Le 10 février 1842, sous le règne de Louis-Philippe 1er, le lieutenant de vaisseau Charles-Philippe de Kerhallet signe un traité avec Attékéblé, dit «Peter», un négociant africain qui se présente comme le souverain de Bassam. Cette modeste principauté du littoral africain englobe l'actuelle métropole de la Côte d'Ivoire, Abidjan.
Par ce traité, la France établit son protectorat sur la «rivière», ou lagune de Grand-Bassam, et, en échange de la location d'un fort sur la lagune, elle s'engage à payer au souverain et à ses héritiers une «coutume» de 4000 francs par an jusqu'en 1915.
Dans le même temps, le lieutenant de vaisseau Fleuriot de Langle conclut un traité similaire avec le neveu du roi du Sanwi, le futur souverain Amon Ndoufou II. Le Sanwi, qui s'étend le long de la lagune Aby, en bordure de l'actuel Ghana, a pour principale ville Assinie, aujourd'hui disparue.
Par le biais de ces deux traités, la France se réimplante en Côte d'Ivoire après une vaine tentative menée sous le règne de Louis XIV.
Les deux officiers de marine font partie d'une expédition organisée par l'amiral Louis Édouard Bouet-Willaumez. Gouverneur provisoire de la colonie du Sénégal, celui-ci veut établir des comptoirs tout au long du golfe de Guinée en vue de développer le commerce avec l'intérieur du continent africain.
Sur la lagune de Bassam, où se sont installés des négociants français et une communauté religieuse, les relations avec Attékéblé «Peter» ne tardent pas à se dégrader. Le 14 septembre 1853, un corps expéditionnaire français venu du Sénégal bat les insurgés ivoiriens à Éboué. Pour prévenir le retour des troubles, le capitaine de génie Louis Faidherbe construit un nouveau fort sur la lagune de Dabou (ce jeune officier sera appelé à un grand avenir).
À Assinie, où réside le représentant de la France, un négociant rochelais du nom d'Arthur Verdier crée en 1863 une première «factorerie» (ainsi appelle-t-on les établissements qui pratiquent le négoce avec les populations locales).

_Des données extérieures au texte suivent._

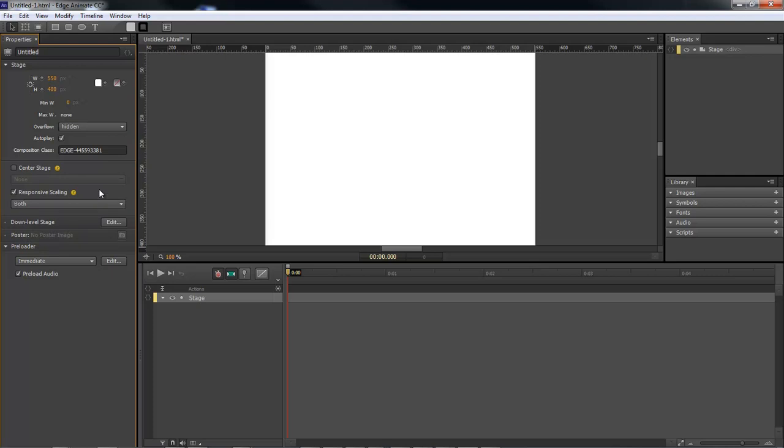Kudos to Adobe for getting that brought into the new version of CC for Adobe Edge Animate.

La colonisation prend un tour nouveau à partir de la fin des années 1870. Les républicains qui ont pris le pouvoir après la guerre franco-prussienne de 1870-1871 ne veulent plus se satisfaire de quelques comptoirs portuaires limités aux besoins commerciaux.
Les dirigeants laïcs Charles de Freycinet et Jules Ferry exaltent la «mission civilisatrice» de la France et développent de vastes projets de conquêtes, avec l'intention sous-jacente de damer le pion à l'ennemi héréditaire, la Grande-Bretagne, et de compenser la perte de l'Alsace et du nord de la Lorraine à la suite de la guerre franco-prussienne.
Arthur Verdier, qui s'entête à développer le pays, inaugure les premières plantations de café et entreprend l'exploitation forestière. Il est nommé «résident de France» à Assinie et représente la République auprès des chefs locaux.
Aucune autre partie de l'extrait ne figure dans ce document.